Les infrastructures physiques africaines sont très insuffisantes, mêmes comparées à celles des pays à faibles revenus d'autres parties du monde : 31 km de route pour 100 km2 contre 124, une capacité de production d'électricité de 37 MW par million d'habitants contre 326…11 Le retard est tel qu'un rattrapage n'est pas envisageable dans la décennie qui commence. Des progrès sont cependant probables, avec une nette augmentation des financements internationaux publics pour de nouveaux projets. Concernant l'éducation, il est aussi possible d'être très négatif : 46 des 101 millions d'enfants d'âge scolaire qui ne vont pas à l'école sont Africains. Les progrès sont toutefois réels depuis quelques années : environ 60% des enfants terminent le primaire, soit près de 10% de plus qu'il y a 10 ans.
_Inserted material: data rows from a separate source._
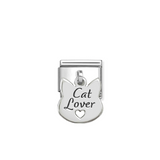 Nomination Cat Lover Engraved Charm in Stainless Steel & 925 Sterling Silver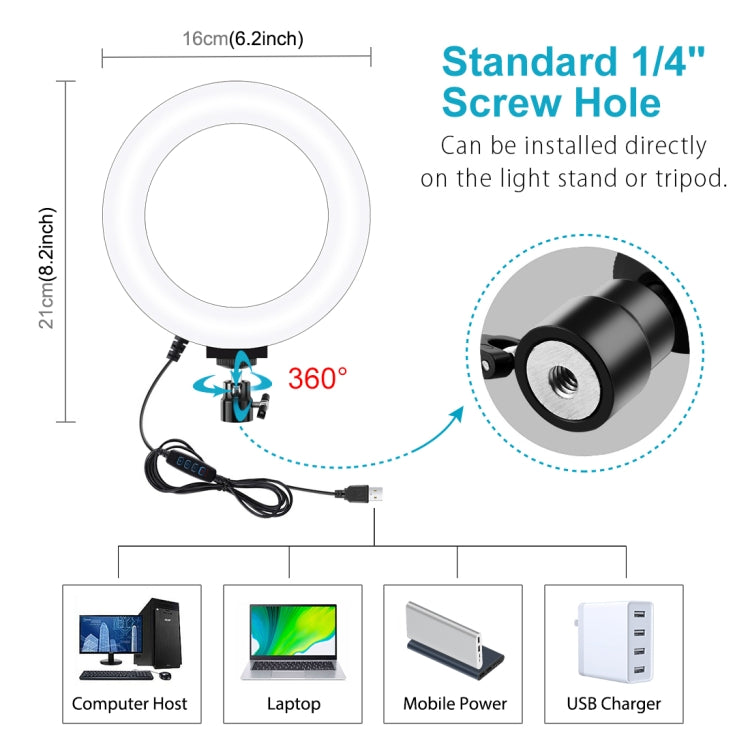 PULUZ 6.2 inch 16cm USB 3 Modes Dimmable LED Ring Vlogging Photography Video Lights with Tripod Ball Head, 6.2 inch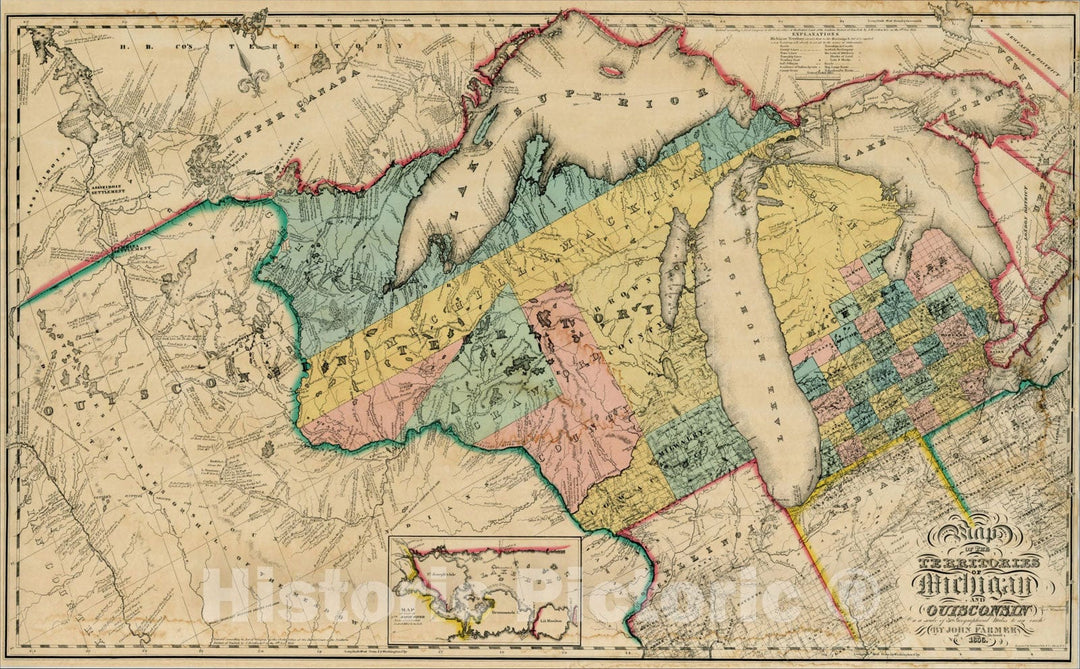 Historic Map : Improved Map of the Territories of Michigan and Ouisconsin, 1836, 1836, John Farmer, Vintage Wall Art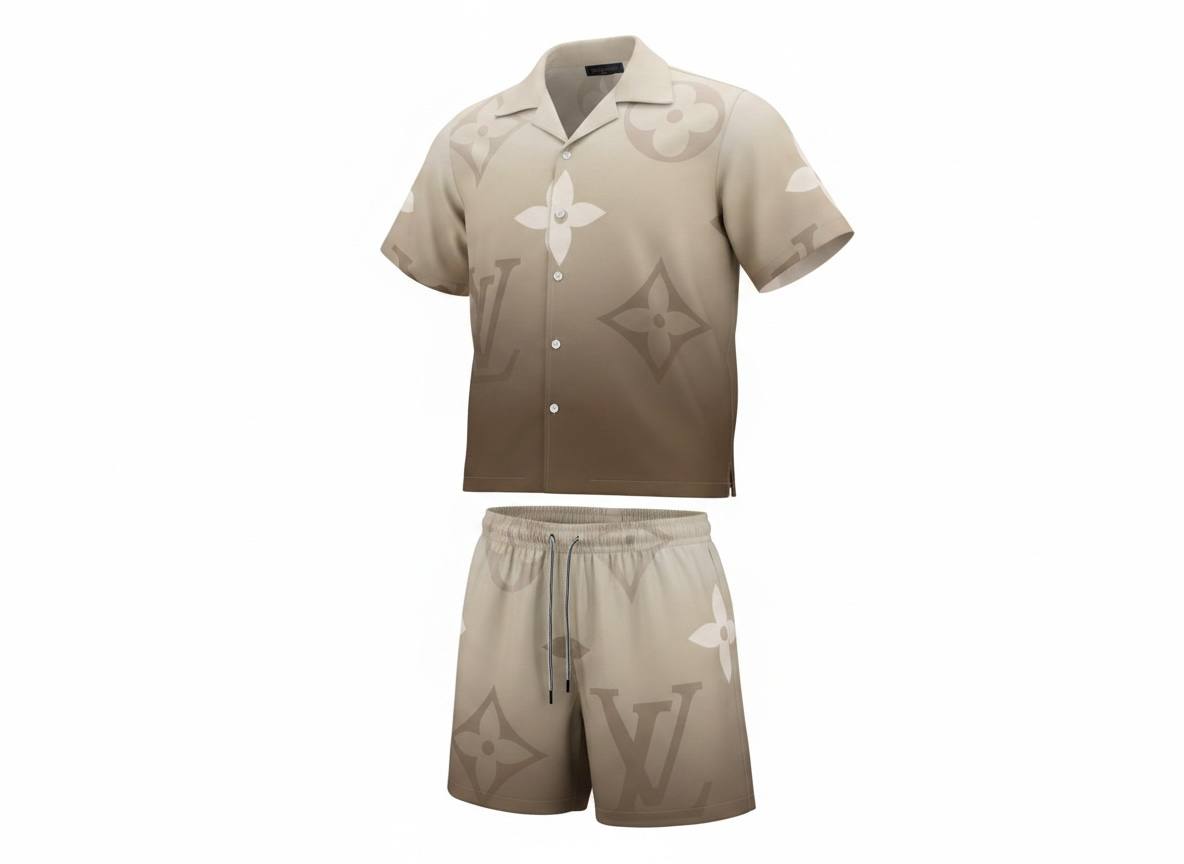 🤎 Louis Vuitton Gradient Monogram Set – Refined Luxury Co - Ord Outfit 🩳👕✨ - MASTERPIECE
Le progrès de l'Afrique sera aussi conditionné à une amélioration de la gouvernance.12 Le lien entre celle-ci et le développement est complexe. Parmi les pays les plus pauvres en particulier, la qualité de la gouvernance ne semble en particulier pas discriminante à elle seule : quelques pays très dotés en ressources (Gabon, Guinée équatoriale) ont un IDH relativement élevé, alors que d'autres à la gouvernance meilleure mais beaucoup plus démunis (Mali, Mozambique) obtiennent un résultat inférieur.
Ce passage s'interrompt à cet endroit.